Justice Anthony Kennedy, Associate Justice of the U.S. Supreme Court: We have been attending this conference with our friends and colleagues from the judiciary from Iraq. I am joined here by Chief Justice Medhat from Iraq. It is our very great pleasure that we have with us this morning the Lord Chief Justice of England Lord Woolf who participated in our final session on judicial ethics and judicial independence.
We were fascinated, as I indicated to you yesterday with Justice O?Connor, that the Iraqi judicial system is functioning and deciding cases even at the time when it must begin to think about those permanent structures that are necessary for the judiciary to establish to follow if the rule of law is once again to take hold in Iraq. That was our purpose being here; these are the things we were discussing.

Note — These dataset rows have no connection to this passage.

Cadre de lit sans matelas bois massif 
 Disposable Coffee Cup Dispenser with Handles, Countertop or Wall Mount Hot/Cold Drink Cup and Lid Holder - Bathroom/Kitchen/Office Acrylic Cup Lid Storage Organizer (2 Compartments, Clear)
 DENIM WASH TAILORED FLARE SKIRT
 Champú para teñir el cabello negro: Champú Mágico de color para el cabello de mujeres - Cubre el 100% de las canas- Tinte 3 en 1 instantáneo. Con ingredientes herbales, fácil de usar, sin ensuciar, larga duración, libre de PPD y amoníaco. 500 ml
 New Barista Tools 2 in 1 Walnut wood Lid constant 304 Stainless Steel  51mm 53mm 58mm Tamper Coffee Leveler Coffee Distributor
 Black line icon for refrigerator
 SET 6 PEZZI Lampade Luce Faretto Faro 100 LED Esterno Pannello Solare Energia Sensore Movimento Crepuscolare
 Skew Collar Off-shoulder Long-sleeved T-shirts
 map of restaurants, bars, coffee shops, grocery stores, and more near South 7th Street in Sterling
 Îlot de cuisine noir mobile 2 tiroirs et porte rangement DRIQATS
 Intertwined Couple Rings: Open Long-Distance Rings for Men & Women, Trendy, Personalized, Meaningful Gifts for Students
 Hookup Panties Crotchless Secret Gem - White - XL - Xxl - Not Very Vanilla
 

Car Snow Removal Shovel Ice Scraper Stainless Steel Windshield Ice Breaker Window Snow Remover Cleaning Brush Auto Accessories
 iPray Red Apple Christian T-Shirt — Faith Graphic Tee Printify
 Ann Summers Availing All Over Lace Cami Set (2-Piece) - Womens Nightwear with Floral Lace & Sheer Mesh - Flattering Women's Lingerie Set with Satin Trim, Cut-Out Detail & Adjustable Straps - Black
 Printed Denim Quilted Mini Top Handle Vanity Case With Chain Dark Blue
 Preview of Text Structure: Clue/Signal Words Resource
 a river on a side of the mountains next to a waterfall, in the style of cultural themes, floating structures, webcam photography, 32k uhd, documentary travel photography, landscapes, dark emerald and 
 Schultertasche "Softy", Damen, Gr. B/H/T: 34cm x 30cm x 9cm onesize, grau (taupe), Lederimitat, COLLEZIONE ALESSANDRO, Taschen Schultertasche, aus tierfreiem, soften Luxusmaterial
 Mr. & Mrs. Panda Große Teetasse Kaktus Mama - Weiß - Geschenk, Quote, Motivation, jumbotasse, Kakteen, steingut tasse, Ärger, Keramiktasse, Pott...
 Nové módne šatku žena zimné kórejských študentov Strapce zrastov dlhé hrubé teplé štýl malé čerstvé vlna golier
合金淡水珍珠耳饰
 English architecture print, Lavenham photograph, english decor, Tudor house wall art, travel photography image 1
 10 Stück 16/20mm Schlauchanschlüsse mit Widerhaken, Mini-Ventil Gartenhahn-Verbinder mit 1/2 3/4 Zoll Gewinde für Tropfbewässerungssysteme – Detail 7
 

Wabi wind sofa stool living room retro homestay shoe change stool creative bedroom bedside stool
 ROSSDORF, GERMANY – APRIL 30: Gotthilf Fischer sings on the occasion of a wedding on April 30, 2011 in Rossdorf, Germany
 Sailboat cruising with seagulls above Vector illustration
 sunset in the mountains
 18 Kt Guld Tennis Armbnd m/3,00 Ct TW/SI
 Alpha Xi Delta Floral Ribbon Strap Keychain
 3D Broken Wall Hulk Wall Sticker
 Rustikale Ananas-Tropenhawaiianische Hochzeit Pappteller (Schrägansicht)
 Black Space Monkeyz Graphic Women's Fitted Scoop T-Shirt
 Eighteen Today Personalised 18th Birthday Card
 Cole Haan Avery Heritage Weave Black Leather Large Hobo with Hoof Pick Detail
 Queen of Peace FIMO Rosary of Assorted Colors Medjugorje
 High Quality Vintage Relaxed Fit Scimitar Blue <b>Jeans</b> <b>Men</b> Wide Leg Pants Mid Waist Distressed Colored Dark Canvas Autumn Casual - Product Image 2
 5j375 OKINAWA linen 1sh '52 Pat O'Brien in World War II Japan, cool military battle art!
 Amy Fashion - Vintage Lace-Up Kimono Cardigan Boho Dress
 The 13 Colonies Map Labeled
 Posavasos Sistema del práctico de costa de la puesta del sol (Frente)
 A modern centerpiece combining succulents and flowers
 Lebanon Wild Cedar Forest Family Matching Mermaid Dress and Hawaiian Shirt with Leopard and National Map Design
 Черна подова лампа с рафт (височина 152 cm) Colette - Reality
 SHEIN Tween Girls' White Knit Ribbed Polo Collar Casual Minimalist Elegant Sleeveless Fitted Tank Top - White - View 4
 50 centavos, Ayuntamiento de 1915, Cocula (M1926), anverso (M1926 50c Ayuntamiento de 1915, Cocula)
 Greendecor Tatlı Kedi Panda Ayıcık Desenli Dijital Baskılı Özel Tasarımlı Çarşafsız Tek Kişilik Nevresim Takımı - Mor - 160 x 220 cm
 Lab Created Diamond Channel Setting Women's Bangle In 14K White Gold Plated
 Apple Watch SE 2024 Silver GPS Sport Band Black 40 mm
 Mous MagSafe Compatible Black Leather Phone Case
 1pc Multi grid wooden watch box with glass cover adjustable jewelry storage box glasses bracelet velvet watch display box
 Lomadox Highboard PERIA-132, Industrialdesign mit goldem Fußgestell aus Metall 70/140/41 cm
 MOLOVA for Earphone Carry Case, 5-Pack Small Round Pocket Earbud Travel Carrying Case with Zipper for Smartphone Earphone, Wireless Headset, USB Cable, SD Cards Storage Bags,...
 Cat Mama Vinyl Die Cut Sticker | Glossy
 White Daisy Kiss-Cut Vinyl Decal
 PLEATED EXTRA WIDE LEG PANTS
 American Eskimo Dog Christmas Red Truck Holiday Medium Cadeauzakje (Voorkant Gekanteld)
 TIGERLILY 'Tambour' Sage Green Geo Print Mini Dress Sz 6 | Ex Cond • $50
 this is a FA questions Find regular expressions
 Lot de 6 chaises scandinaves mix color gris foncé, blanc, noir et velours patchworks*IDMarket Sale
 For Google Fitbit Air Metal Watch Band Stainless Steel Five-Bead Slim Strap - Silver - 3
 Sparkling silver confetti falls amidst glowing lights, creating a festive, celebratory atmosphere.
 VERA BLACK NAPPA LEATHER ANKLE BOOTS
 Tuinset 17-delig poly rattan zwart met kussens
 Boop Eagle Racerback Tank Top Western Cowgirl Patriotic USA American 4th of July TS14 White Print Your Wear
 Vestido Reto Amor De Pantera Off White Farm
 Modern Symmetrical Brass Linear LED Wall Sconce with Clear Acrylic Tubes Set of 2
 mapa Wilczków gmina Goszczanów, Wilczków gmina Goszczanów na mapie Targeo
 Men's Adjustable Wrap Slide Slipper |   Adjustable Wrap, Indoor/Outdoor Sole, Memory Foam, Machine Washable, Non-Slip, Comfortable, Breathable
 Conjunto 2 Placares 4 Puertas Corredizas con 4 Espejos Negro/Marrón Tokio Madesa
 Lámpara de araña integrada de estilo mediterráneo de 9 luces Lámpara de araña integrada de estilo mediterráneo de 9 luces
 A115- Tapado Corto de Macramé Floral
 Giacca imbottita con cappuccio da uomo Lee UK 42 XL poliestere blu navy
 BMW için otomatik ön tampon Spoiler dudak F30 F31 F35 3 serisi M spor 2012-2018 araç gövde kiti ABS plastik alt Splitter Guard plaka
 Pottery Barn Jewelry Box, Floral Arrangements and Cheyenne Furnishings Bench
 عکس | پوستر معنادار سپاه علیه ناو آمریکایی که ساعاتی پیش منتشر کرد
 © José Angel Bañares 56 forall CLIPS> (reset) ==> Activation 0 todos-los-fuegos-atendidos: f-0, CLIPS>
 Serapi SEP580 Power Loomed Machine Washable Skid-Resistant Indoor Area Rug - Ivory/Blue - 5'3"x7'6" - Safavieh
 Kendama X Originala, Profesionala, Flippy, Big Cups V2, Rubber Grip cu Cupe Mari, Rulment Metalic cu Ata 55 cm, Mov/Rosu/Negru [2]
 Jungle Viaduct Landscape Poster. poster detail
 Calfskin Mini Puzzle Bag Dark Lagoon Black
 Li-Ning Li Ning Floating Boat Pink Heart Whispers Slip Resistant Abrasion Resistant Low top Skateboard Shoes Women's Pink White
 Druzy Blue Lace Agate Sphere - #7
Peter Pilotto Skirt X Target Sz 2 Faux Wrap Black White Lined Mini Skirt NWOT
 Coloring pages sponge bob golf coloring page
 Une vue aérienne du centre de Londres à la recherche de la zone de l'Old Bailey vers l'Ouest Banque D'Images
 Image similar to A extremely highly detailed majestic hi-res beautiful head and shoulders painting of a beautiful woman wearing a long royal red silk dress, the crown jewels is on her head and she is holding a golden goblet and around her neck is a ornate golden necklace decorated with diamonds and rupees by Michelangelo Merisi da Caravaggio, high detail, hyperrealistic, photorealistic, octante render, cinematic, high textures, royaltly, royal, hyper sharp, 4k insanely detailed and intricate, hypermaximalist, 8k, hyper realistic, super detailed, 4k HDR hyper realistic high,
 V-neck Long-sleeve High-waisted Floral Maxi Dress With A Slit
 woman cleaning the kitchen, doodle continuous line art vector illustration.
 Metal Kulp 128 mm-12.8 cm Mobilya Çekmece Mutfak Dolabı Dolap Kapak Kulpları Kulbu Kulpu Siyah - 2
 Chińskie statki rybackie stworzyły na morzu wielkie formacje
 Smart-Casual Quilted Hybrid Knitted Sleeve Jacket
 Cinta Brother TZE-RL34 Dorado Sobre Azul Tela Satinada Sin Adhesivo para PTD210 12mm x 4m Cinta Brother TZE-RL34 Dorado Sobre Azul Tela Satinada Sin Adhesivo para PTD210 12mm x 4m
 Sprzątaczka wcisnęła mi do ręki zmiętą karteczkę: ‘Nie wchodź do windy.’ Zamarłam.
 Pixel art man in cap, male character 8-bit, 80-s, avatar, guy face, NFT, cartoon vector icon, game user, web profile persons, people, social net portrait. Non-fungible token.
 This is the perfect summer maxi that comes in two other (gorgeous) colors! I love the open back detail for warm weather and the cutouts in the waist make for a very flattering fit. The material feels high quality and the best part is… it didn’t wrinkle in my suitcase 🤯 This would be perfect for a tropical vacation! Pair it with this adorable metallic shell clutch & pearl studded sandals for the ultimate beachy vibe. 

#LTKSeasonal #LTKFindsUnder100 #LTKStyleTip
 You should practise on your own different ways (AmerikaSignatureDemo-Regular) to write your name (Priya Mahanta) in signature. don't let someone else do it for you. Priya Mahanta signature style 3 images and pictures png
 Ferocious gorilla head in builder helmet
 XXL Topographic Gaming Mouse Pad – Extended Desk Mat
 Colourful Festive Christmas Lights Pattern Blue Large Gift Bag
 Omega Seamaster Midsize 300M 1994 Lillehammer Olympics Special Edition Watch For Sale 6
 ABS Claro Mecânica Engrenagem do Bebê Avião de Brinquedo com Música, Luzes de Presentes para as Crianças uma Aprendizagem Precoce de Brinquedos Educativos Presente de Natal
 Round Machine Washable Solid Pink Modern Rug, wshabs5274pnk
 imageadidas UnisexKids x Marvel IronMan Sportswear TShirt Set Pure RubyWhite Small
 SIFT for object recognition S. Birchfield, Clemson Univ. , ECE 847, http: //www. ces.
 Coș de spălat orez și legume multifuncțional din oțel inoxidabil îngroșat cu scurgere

Lord Woolf and I -- and it is also true with Justice O?Connor -- have met with judges in many countries in different parts of the world. Lord Wolff and I have been on some of these panels together. There is a bond, a kinship and a tie of affection among all judges worldwide. We share common aspirations and common beliefs. This bond and feeling of collegiality enable us, even though we have not met each other, to feel that we have known each other. We relied upon this kinship to establish an immediate rapport within just 48 hours. Time is never the friend of systems that require time to establish themselves, so there is an urgency that lawyers, judges, statesmen and stateswomen know and feel and understand with reference to Iraq. But within the confines of what in many respects look like an emergency, I think Lord Woolf will agree that we were inspired and pleased that we had the opportunity to talk about the basic principals of justice and constitutionalism. I do not know how you would like to proceed but perhaps I would like to ask Lord Woolf, and the Chief Justice to make a few comments and then we can entertain some questions.
Lord Harry Woolf, Lord Chief Justice of England and Wales: I would echo everything that Justice Kennedy has said. I must confess that, until a few days ago when I was provided with information about this conference that was going to take place, most of my English colleagues and I had no idea at all that there was any thing resembling a judiciary in Iraq. So it is hugely encouraging to come here to this conference and to find out there is not only a judiciary in Iraq, but also a judiciary, which is concerned about what should be the true values of a judicial system. I really do congratulate my American colleagues, Justice Kennedy and Justice O?Connor, in finding the time to be here and to contribute in the way that they have to this conference. It has been a real learning experience in the short time that I have with them. I am sure that the Iraqi judges in attendance feel as I do a debt of gratitude for having this opportunity.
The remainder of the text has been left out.